Die Regierung hält trotz Klimapaket an der „Schwarzen Null“ im Bundeshaushalt fest. Dies wird von einer wachsenden Zahl von Politikern, aber auch Wissenschaftlern kritisiert. Das Argument lautet: In Zeiten historisch niedriger Zinsen mache es keinen Sinn, keine Schulden aufzunehmen. Besser sei es, mit geliehenem Geld die staatlichen Investitionen auszuweiten. Das klingt doch ganz vernünftig.

Neue Schulden zu machen ist das Billigste, was man machen kann. Dann hat man nämlich nicht den Mut, politische Schwerpunkte zu setzen. Ich halte an der „Schwarzen Null“ eisern fest, weil es neben der ökologischen Nachhaltigkeit auch eine finanzielle Nachhaltigkeit geben muss – und vor allem eine Generationengerechtigkeit. Jeder vom Staat geliehene Euro muss in der Zukunft zurückgezahlt werden. Das gilt auch in Zeiten niedriger Zinsen.

Aber es ist unstrittig, dass der deutsche Staat zu wenig investiert. Wo würden Sie denn das Geld hernehmen, um Schulen zu sanieren oder die Stromnetze schneller auszubauen?

Der Staat hat kein Einnahmen-, sondern ein Ausgabenproblem.

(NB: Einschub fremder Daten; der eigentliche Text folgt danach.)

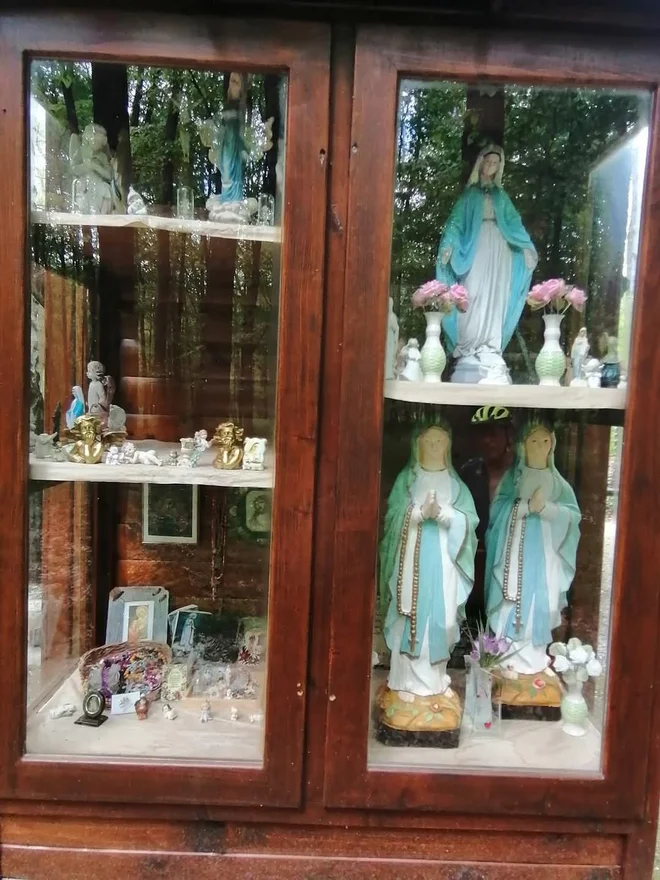 Črni log je še najlepše obiskati v vročem poletnem času, ko si vsi želimo senco FOTO: Marjan Slavič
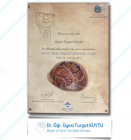 Dr. Öğr. Üyesi Turgut Kuytu Beyin ve Sinir Cerrahisi sertifikası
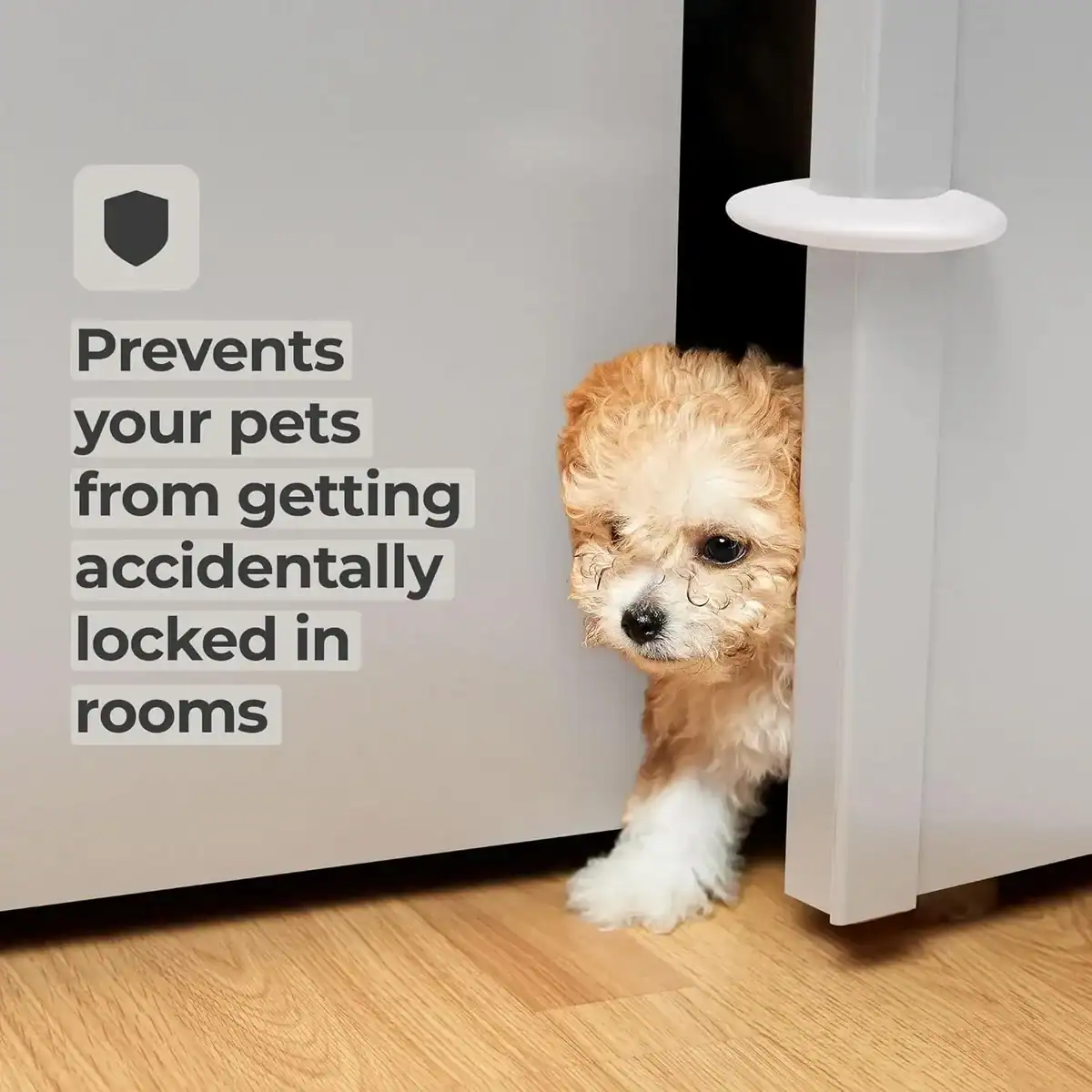 עטור טקסט בגדר בטיחות לכלבים, הגנה מפני כלבים שנתפסים במקומות לא מבוקרים, מוצרי בטיחות לילדים, מנעול לבטיחות חיות מחמד, בטיחות לילדים ולחיות מחמד, אביזרי בטיחות מעוצבים לילדים.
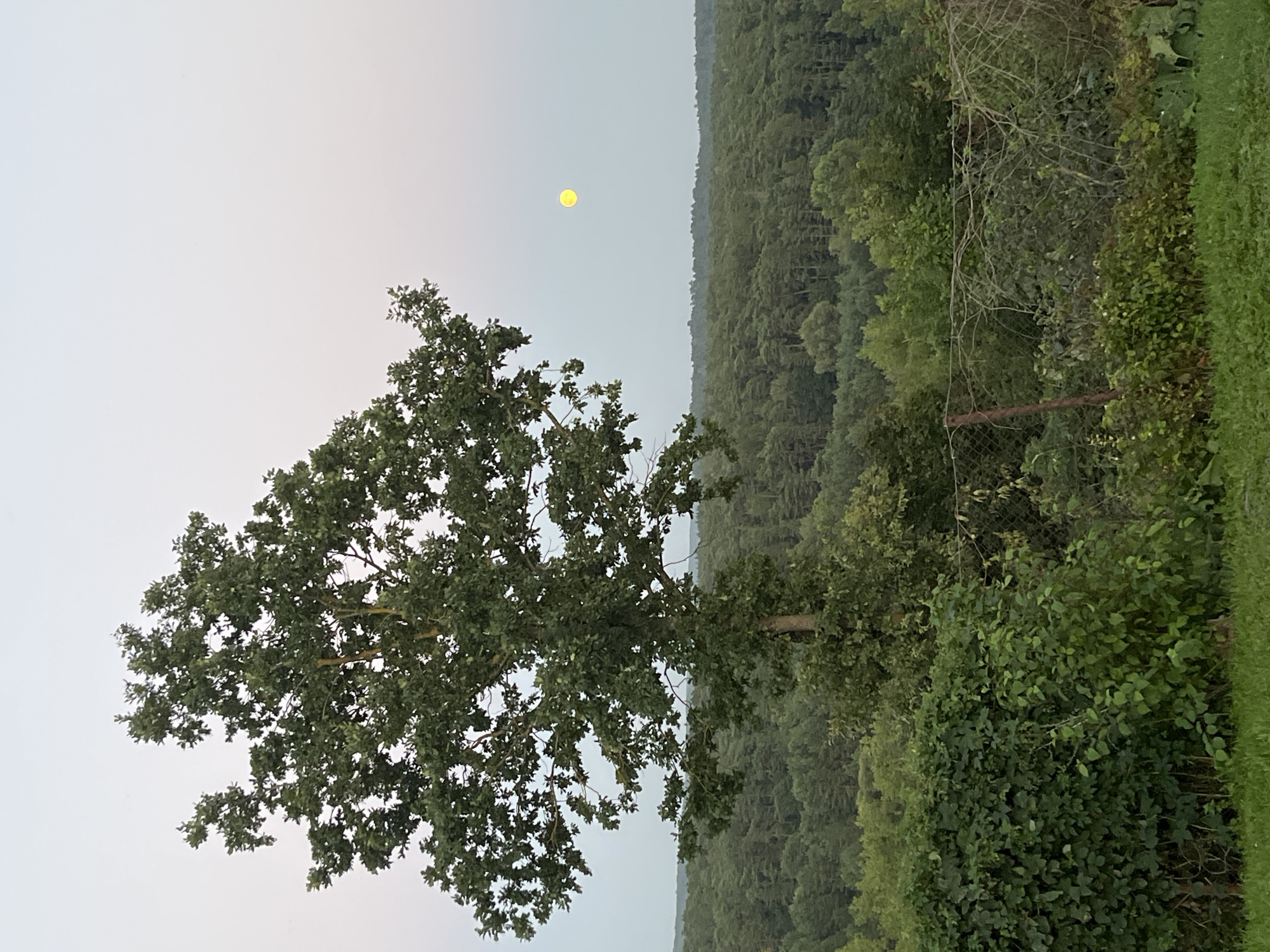 An outdoor, eye-level, full shot captures a panoramic view of a forest landscape under a gradient sky. The sky transitions from a pale blue at the horizon to a lighter, almost white hue at the top of the frame. A solitary, bright yellow, circular object, possibly the moon or a planet, is visible in the upper right quadrant of the sky.
In the mid-ground, a dense, undulating forest stretches across the horizon, composed of numerous trees with dark green foliage. A large deciduous tree with a full canopy of green leaves dominates the left side of the image. Its trunk is visible, and its branches extend outwards, partially obscuring the sky.
The foreground features a thick growth of green bushes and ivy, creating a lush, verdant barrier. A rusted wire fence with thin, crisscrossing wires and some scattered dry branches runs horizontally across the mid-foreground. The ground in the immediate foreground is covered with green grass. The overall scene suggests a natural, rural setting, possibly on the outskirts of Kaunas, Lithuania, given the dense forestation. No people or specific man-made structures other than the fence are apparent. The lighting indicates it is either dawn or dusk.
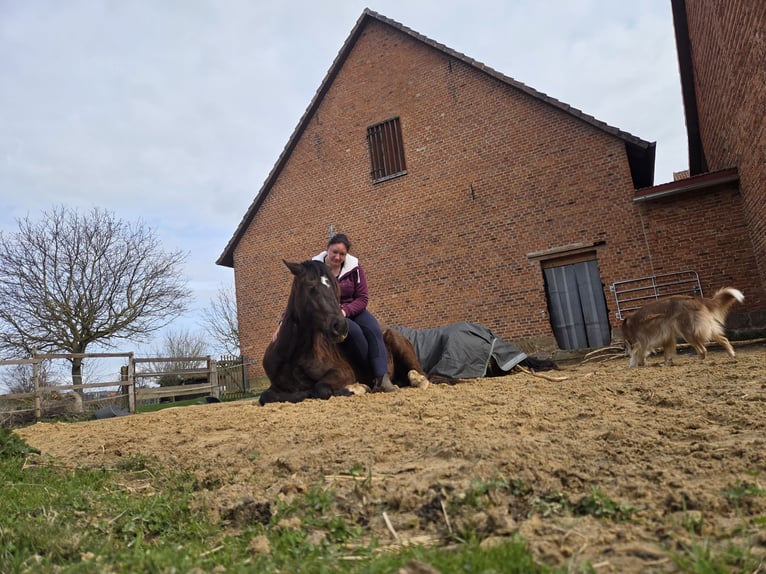 Welsh-D Ruin 3 Jaar 153 cm Zwart in Wolfhagen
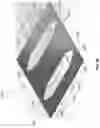 Fig. 07 - INTEGRATED MICROFLUIDIC ORGANIC ELECTROCHEMICAL TRANSISTOR BIOSENSORS FOR DRUG LEVEL DETECTION
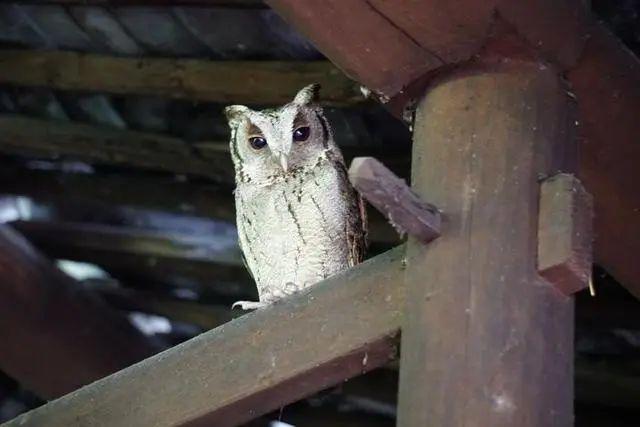 邻居全搬走了,浙江一家人30年来却守着一栋黄泥房,有什么秘密?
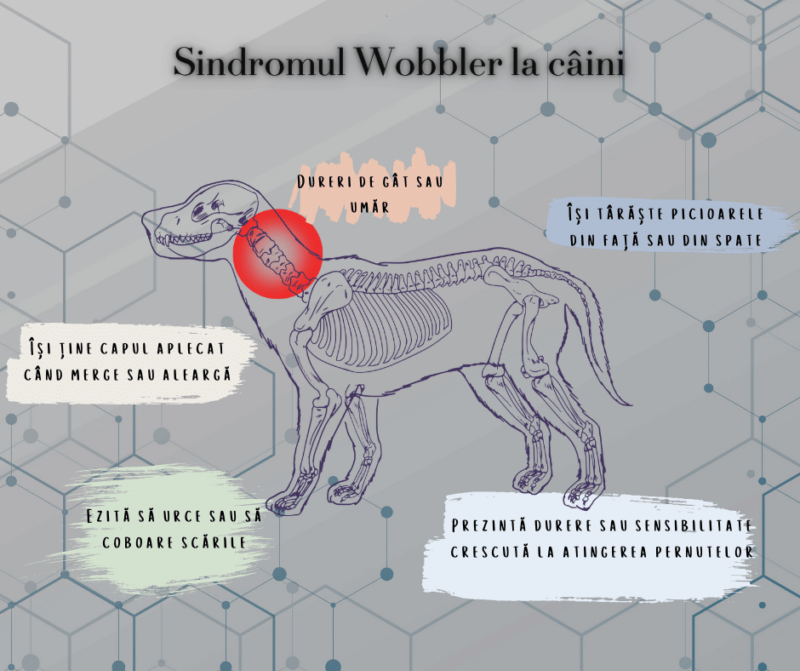 Sindromul Wobbler la câini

In jedem Etat der Berliner Ministerien gibt es hohe Einsparpotenziale. Dazu gibt es von uns jedes Jahr eine lange Liste mit konkreten Vorschlägen...

Die offensichtlich in den Ministerien niemand beachtet...

Hier bohren wir dicke Bretter, keine Frage. Aber wir erzielen immer wieder Erfolge. Darüber hinaus wäre die wirkungsvollste Methode, über alle Ressorts hinweg eine Sparvorgabe zu machen – zum Beispiel minus 2,5 Prozent. Ich bin sicher, dann entwickeln alle Ministerinnen und Minister Ideen, wo sie den Rotstift ansetzen wollen.